▶ **What to produce**
Pick out each line of the records that includes the string "Pokemon", and copy it.

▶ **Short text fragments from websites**
·····
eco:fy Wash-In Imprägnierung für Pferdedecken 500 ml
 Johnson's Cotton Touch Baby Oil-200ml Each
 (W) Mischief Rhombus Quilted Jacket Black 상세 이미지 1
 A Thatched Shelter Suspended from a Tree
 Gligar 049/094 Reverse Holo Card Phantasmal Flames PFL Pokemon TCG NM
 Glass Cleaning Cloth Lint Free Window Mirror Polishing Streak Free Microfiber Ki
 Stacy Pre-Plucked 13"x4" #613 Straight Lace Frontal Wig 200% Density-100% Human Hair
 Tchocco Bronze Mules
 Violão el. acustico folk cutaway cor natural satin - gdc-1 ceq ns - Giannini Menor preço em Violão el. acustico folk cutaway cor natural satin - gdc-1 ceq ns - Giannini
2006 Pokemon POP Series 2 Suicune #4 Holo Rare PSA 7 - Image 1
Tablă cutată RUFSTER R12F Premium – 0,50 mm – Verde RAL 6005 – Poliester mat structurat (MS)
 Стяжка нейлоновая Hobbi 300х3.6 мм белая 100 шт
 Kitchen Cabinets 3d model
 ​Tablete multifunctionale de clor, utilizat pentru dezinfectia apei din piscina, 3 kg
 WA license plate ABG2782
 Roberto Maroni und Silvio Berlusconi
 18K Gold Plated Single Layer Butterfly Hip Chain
·····
▶ **Answer section**
 Gligar 049/094 Reverse Holo Card Phantasmal Flames PFL Pokemon TCG NM
2006 Pokemon POP Series 2 Suicune #4 Holo Rare PSA 7 - Image 1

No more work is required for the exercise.